ActiveSpaces® Transactions
supports keep-alive messages between all nodes
in a cluster. Keep-alive requests are used to actively determine whether a
remote node is still reachable. Keep alive messages are sent to remote
nodes using the configurable keepAliveSendIntervalSeconds
time
interval.
Figure 6.3, “Keep-alive protocol” shows how a node is
detected as being down. Every time a keep-alive request is sent to a
remote node, a timer is started with a duration of nonResponseTimeoutSeconds
. This timer is reset
when a keep-alive response is received from the remote node. If a
keep-alive response is not received within the
nonResponseTimeoutSeconds
interval, a keep-alive
request is sent on the next network interface configured for the node (if
any). If there are no other network interfaces configured for the node, or
the nonResponseTimeoutSeconds
has expired on all
configured interfaces, all connections to the remote node are dropped, and
the remote node is marked Down
.
Connection failures to remote nodes are also detected by the keep-alive protocol. When a connection failure is detected, as opposed to a keep-alive response not being received, the connection is reattempted to the remote node before trying the next configured network interface for the remote node (if any). This connection reattempt is done to transparently handle transient network connectivity failures without reporting a false node down event.

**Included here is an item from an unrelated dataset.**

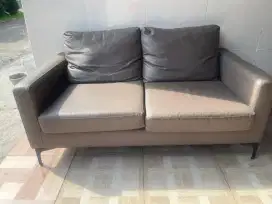 sofa kulit coklat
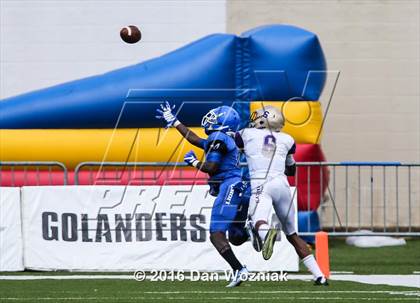 Thumbnail 2 in Easton @ Tyler (Battle on the Border) photogallery.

It is important to understand that the total time before a
remote node is marked Down
is the number of configured
interfaces times the nonResponseTimeoutSeconds
configuration value in the case of keep-alive responses not being
received. In the case of connection failures, the total time could be
twice the nonResponseTimeoutSeconds
times the number of
configured interfaces, if both connection attempts to the remote node (the
initial one and the retry) hang attempting to connect with the remote
node.
For example, in the case of keep-live responses not being received,
if there are two network interfaces configured, and the
nonResponseTimeoutSeconds
value is four seconds, it
will be eight seconds before the node is marked Down
.
In the case of connection establishment failures, where each connection
attempt hangs, the total time would be sixteen seconds before the node is
marked Down
.